● Source information
Segment Open

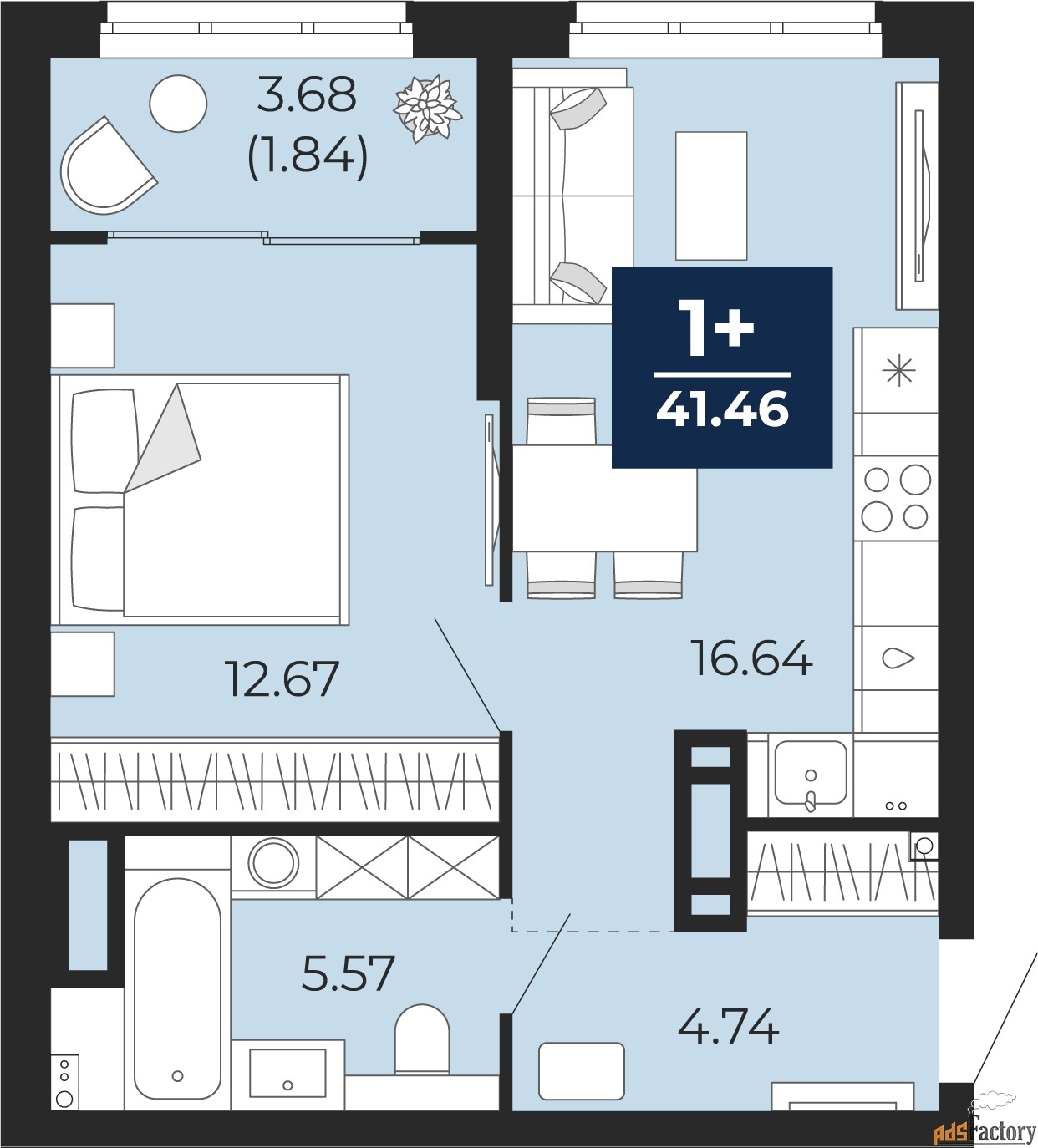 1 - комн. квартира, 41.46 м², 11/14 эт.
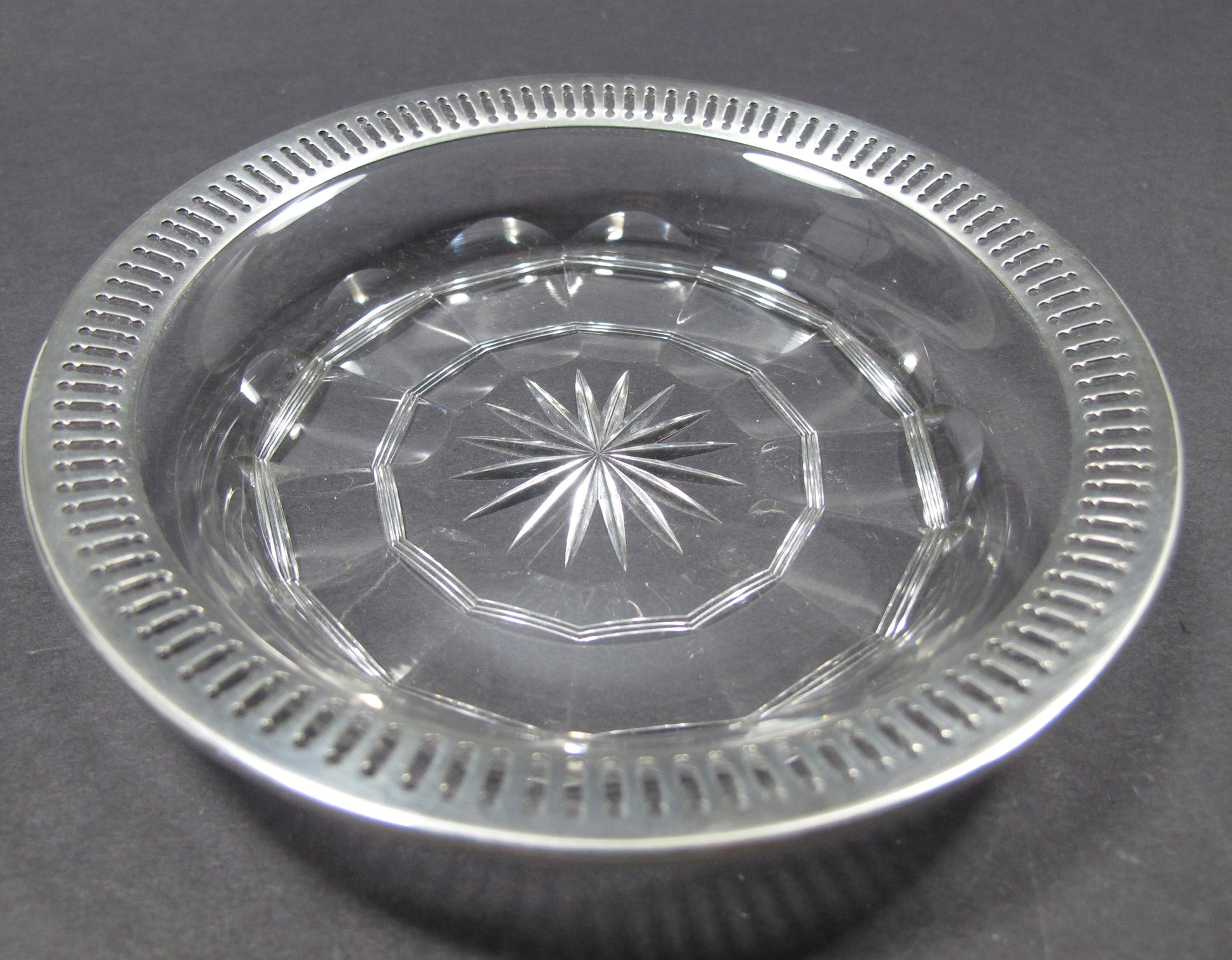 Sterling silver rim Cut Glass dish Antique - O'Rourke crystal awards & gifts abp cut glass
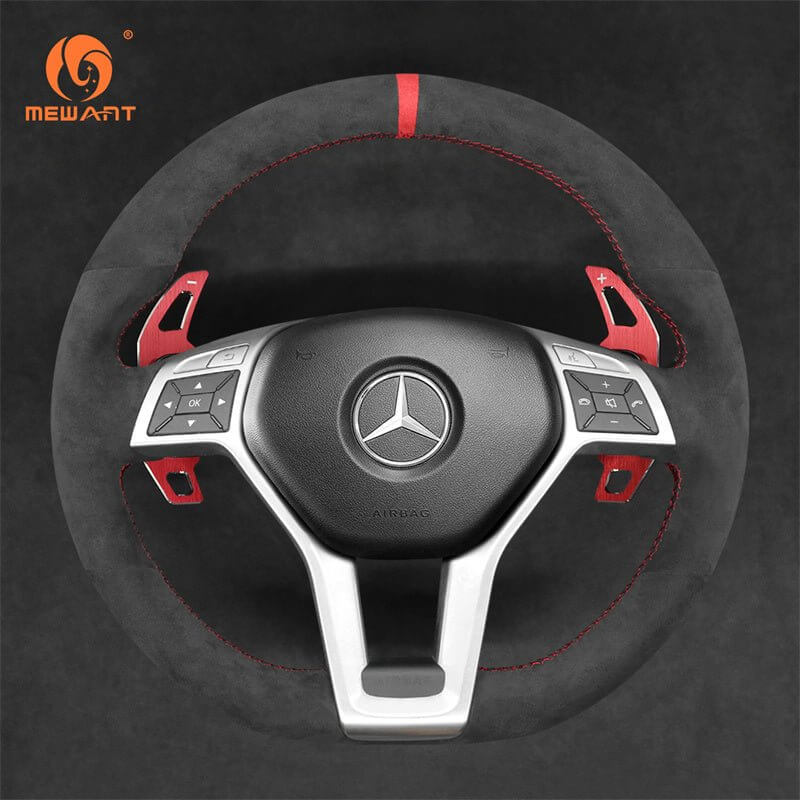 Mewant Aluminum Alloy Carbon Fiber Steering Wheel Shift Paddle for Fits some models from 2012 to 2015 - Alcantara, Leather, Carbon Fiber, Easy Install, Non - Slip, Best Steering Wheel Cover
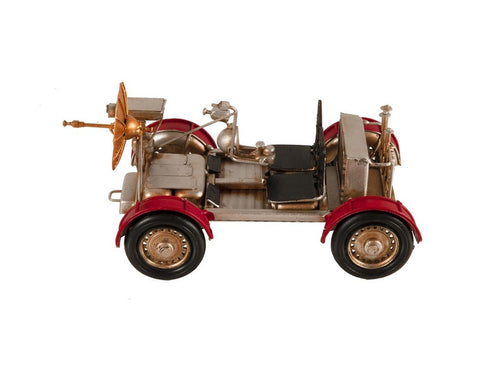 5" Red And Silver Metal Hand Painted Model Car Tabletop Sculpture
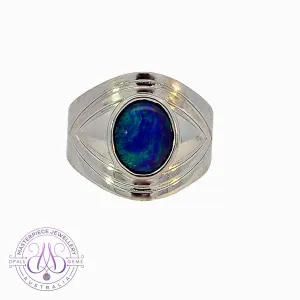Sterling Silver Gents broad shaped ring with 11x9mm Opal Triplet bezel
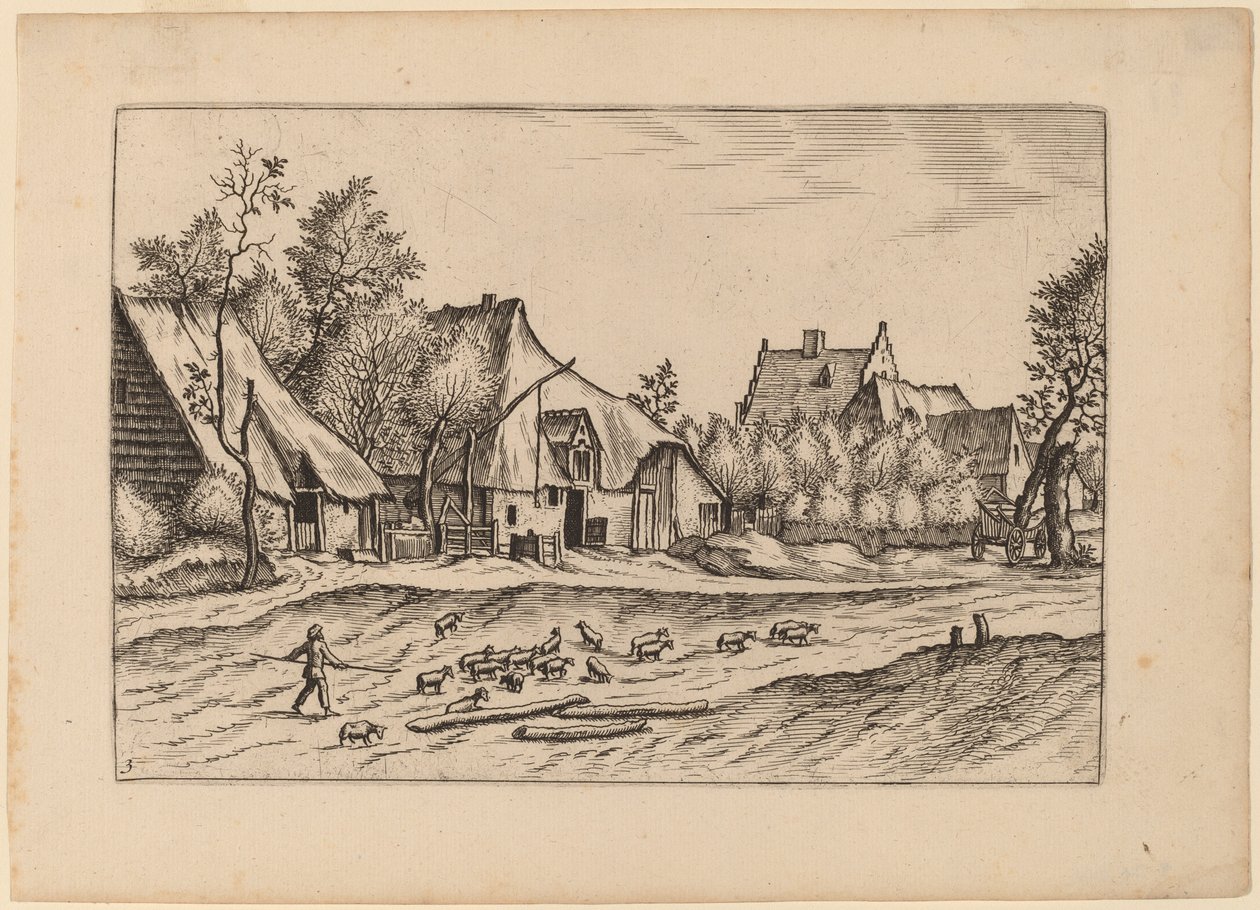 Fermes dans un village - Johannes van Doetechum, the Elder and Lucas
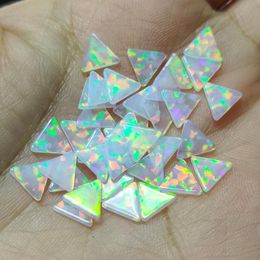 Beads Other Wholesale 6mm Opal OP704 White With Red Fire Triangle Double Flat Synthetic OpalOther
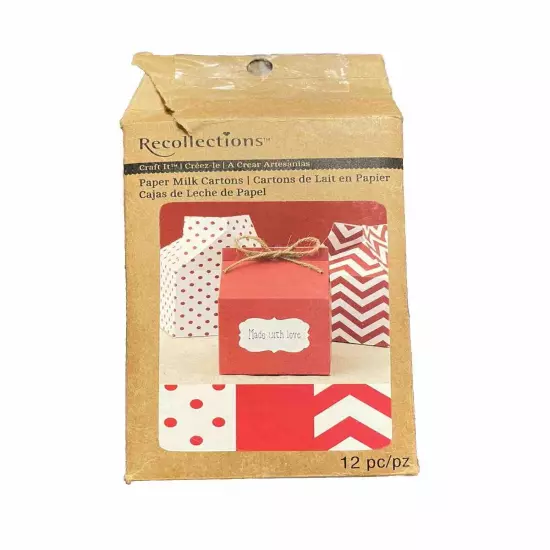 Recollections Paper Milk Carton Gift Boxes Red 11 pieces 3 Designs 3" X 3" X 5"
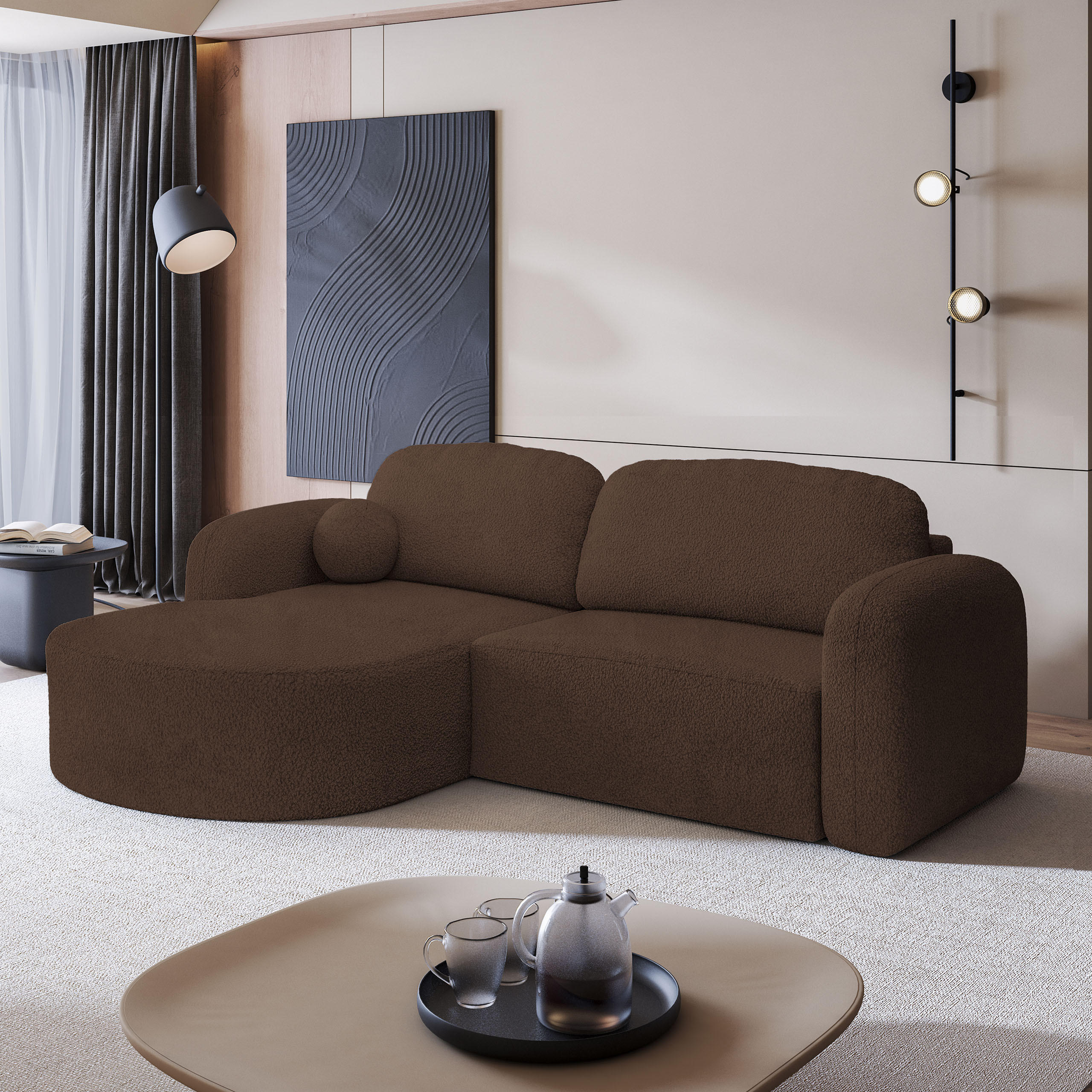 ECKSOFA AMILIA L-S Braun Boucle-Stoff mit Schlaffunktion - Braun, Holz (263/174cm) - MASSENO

Segment Closed

● What you should do
Repeat each of the entries above exactly, but do not carry over the pictures.

● Exercise output
 1 - комн. квартира, 41.46 м², 11/14 эт.
 Sterling silver rim Cut Glass dish Antique - O'Rourke crystal awards & gifts abp cut glass
 Mewant Aluminum Alloy Carbon Fiber Steering Wheel Shift Paddle for Fits some models from 2012 to 2015 - Alcantara, Leather, Carbon Fiber, Easy Install, Non - Slip, Best Steering Wheel Cover
 5" Red And Silver Metal Hand Painted Model Car Tabletop Sculpture
Sterling Silver Gents broad shaped ring with 11x9mm Opal Triplet bezel
 Fermes dans un village - Johannes van Doetechum, the Elder and Lucas
 Beads Other Wholesale 6mm Opal OP704 White With Red Fire Triangle Double Flat Synthetic OpalOther
 Recollections Paper Milk Carton Gift Boxes Red 11 pieces 3 Designs 3" X 3" X 5"
 ECKSOFA AMILIA L-S Braun Boucle-Stoff mit Schlaffunktion - Braun, Holz (263/174cm) - MASSENO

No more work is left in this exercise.